Shel Silverstein: the Little Library Where the Sidewalk Ends and Jennifer Johnson

A few years ago, in an attempt to be a cutting-edge, high-tech institution, the powers-that-be decided that the school I teach in didn’t need a library. The library is superfluous, they claimed. Students have all the information they need on their phones in their hands. (As if information was all that students need.) And so, quickly, the library was gutted, the librarian dismissed, and the books were donated, destroyed, or “disappeared.” From its ashes rose a Maker-Space and a Learning Commons. (If you are not currently involved in modern education, don’t ask.)

littlelibrary

“The Library Where the Sidewalk Ends” on Valentine’s Day

A few colleagues and I couldn’t imagine a school without a library, so we built our own. A “little library” it was, and ones like it appear in neighborhoods, towns and cities throughout the U.S. (I once was at a ribbon-cutting ceremony for such a library on the porch of a bar in Key West, although it was much more of a Key West celebration than a library opening.)

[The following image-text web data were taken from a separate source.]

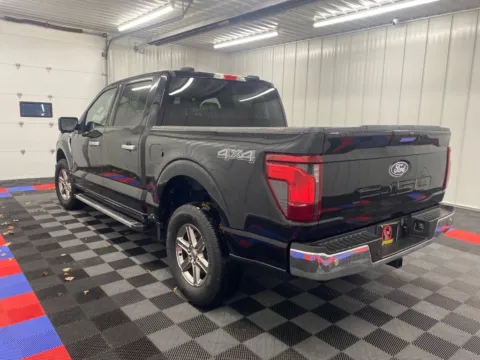 More photos of 2024 Ford F-150 XLT at Bridgeland Auto Brokers, NY
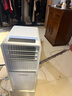 志高大1.5匹可移动空调一体机单冷暖免安装家用便携无外机客厅厨房出租房屋立式式柜式1匹制冷小空调 大2匹冷暖-制冷制热两用 实拍图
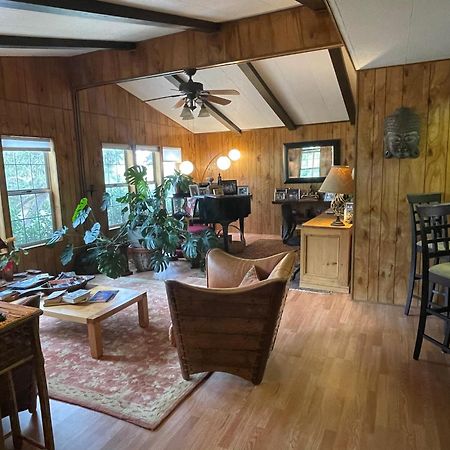 Sedona Room Homestay - Thunder Mountain Eksteriør billede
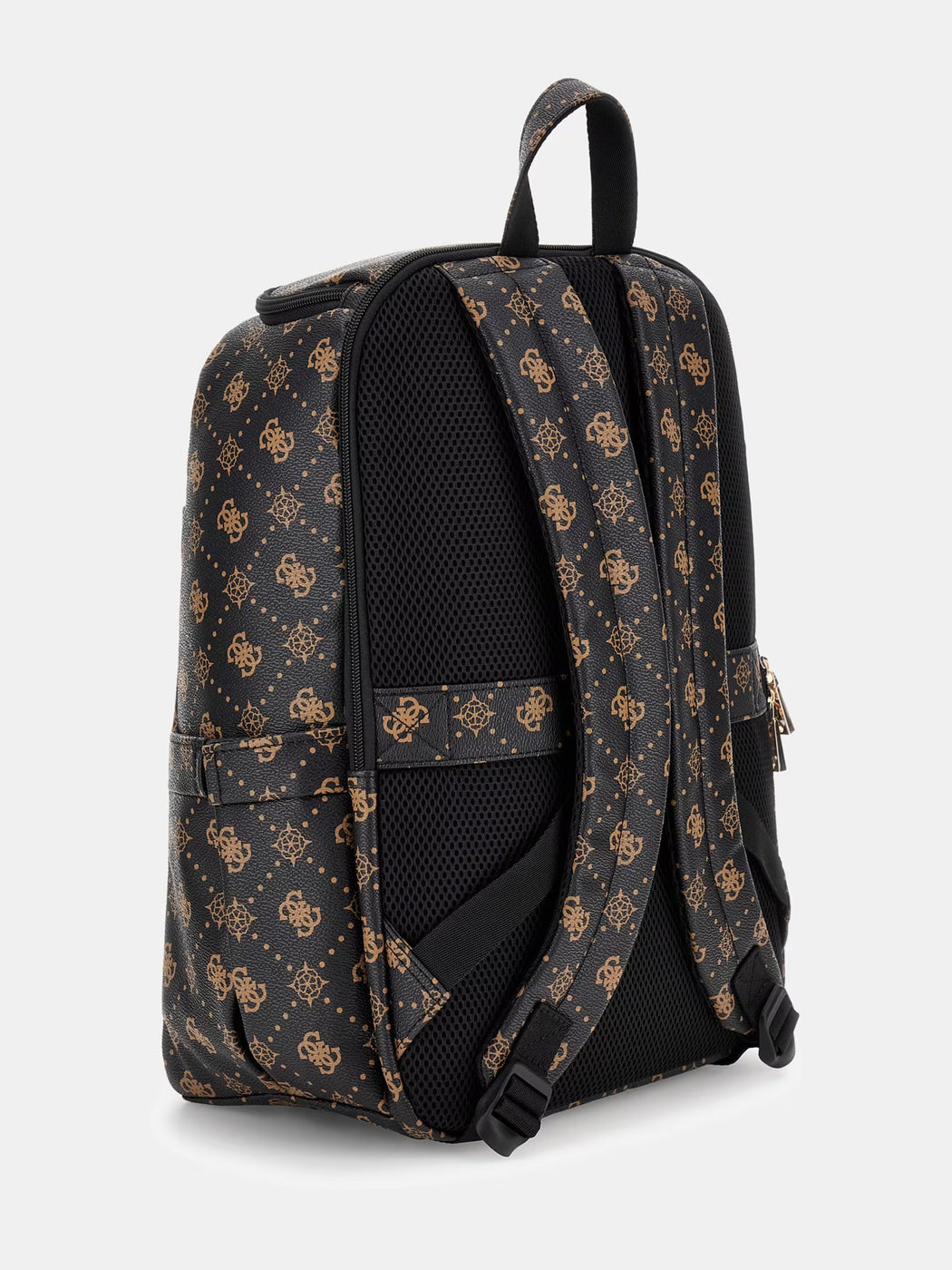 Silia 4G dark Peony Logo Backpack GP9890033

Anyway, the library thrived with people taking and leaving a variety of books, CDs, and even art works.

The library itself was located in an odd place in the middle of campus. There was a cement sidewalk that jutted into a swatch of grass and then just ended. When I would announce new additions to the library, I would refer to it as “the library WHERE THE SIDEWALK ENDS.”

where the sidewalk endsAnd every student and every adult knew what I was referring to: the delightful first collection of poems by Shel Silverstein that every student had loved as a child and every adult of a certain age remembered reading to his or her own. The poems in Where the Sidewalk Ends are silly, irreverent, charming, and knowing. It’s the silly irreverence that children most love: as if the adult Silverstein—unlike other adults in their world— was clued into the fears, the joys, the silliness, the incomprehension, the absurdity with which they view the world.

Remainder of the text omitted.